In der Osternacht gedenken Christen der Auferstehung Jesu. Für gläubige Christen ist Ostern das wichtigste Fest im Kirchenjahr.

Bei der Liturgie im Petersdom waren wieder ungefähr 200 Gläubige und Geistliche dabei, darunter etwas mehr als 30 Kardinäle. Auch Vertreter der Ökumene waren zugegen, zum Beispiel ein Vertreter der armenischen-apostolischen Kirche und einer des koptisch-orthodoxen Patriarchats.

In der Prozession zum Altar trugen Papst Franziskus und einige Messdiener die Osterkerze - Lumen Christi (das Licht Christi) - in die Basilika. Auf dem Weg entzündeten sie weitere Kerzen und erleuchteten damit den Petersdom. Wie immer zur Osternacht erneuerten die Gläubigen auch ihr Taufversprechen.

Die Liturgie zählt zu den wichtigsten Feiern an Ostern und zu den längsten im Kirchenjahr. Es ist auch der Abend, an dem die Kirchenglocken nach dem Gloria wieder läuten und die Orgel wieder erklingt, nachdem sie wie immer seit Gründonnerstag stumm geblieben war.

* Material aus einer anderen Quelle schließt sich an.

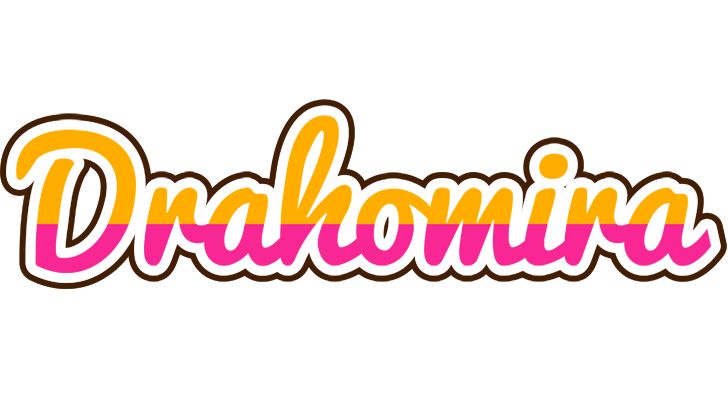 Drahomira smoothie logo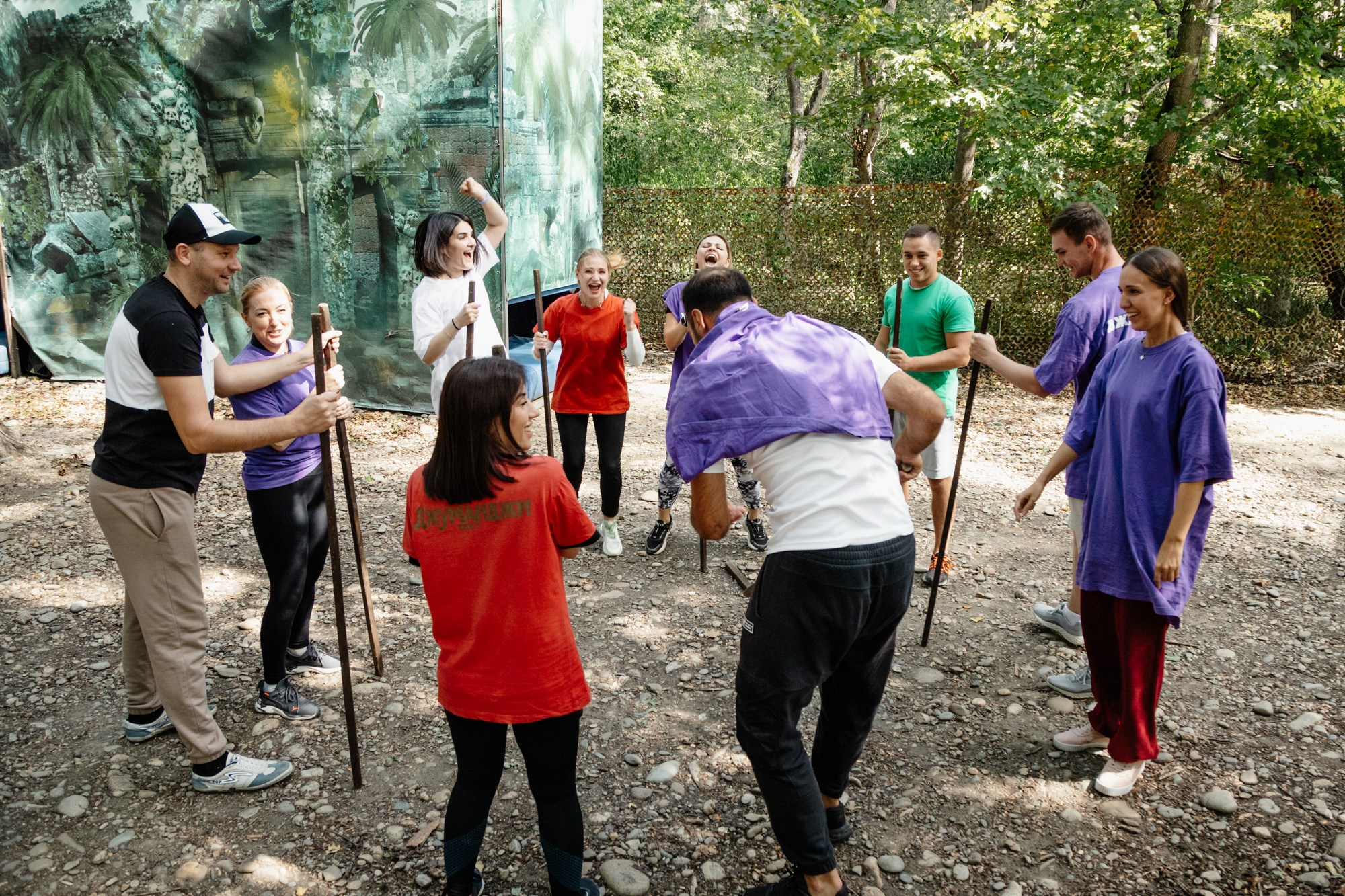 Игра «Джуманджи» от банка ВТБ. Репортажный, промышленный и маркетплейс-фотограф Дмитрий Чернат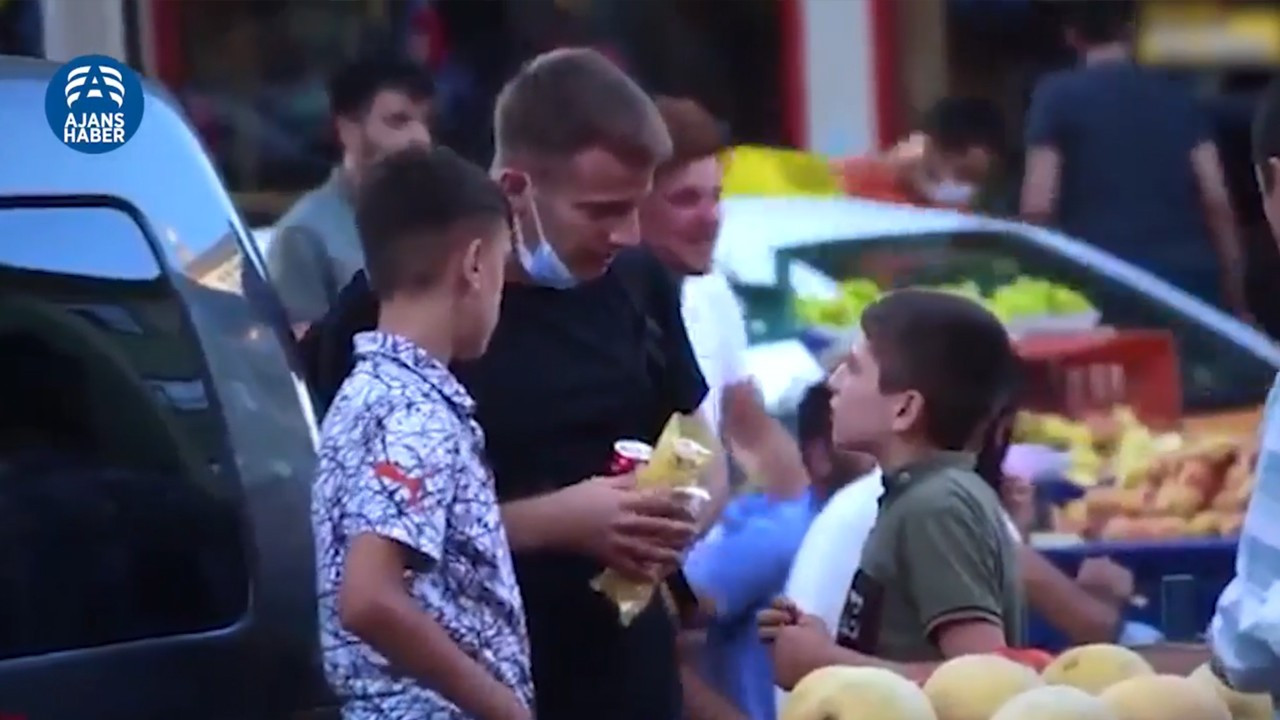Diyarbakır'da yürek ısıtan bir sosyal deney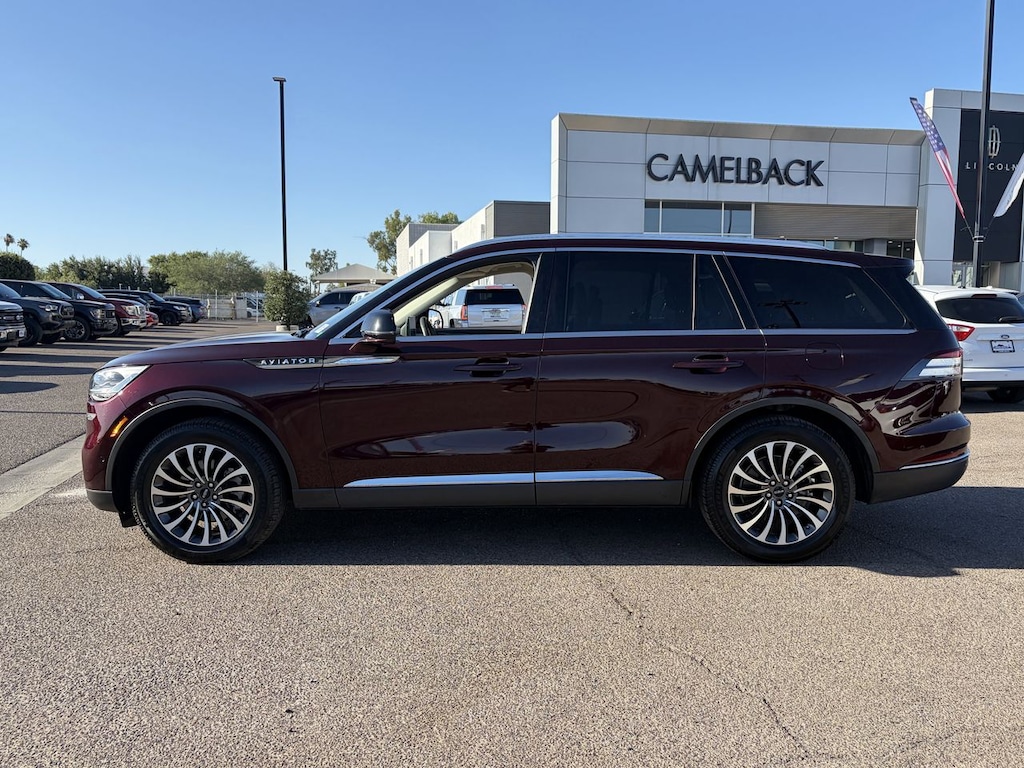 Certified 2022 Lincoln Aviator Reserve SUV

In diesem Jahr dürften die Kirchenfeiern vor wenig Publikum bedrückend für Franziskus sein, der gerne die Nähe der Menschen sucht. Vor einem Jahr wirkte er bei den von Corona beeinträchtigten Ostergottesdiensten ernst. Vatikankenner berichteten, dass der Pontifex an Weihnachten unglücklich darüber war, wie das Fest zu Christi Geburt unter Pandemie-Bedingungen gefeiert wurde.

Auch den Kreuzweg am Karfreitag konnte Franziskus wegen der Pandemie wieder nicht am Kolosseum in Rom beten, sondern nur auf dem Platz vor dem Petersdom. Viele Kinder hatten dafür Texte schrieben und Bilder gemalt. Am Ende der Andacht kamen einige von ihnen auf die Bühne, umarmten und grüßten den Argentinier.

Ein weiterer Höhepunkt der österlichen Feiern folgt am Ostersonntag in der Messe zur Auferstehung Jesu. Der Gottesdienst ist im Petersdom geplant. Vor der Pandemie wurde die Messe oft auf dem Petersplatz in Anwesenheit Tausender Gläubiger gefeiert.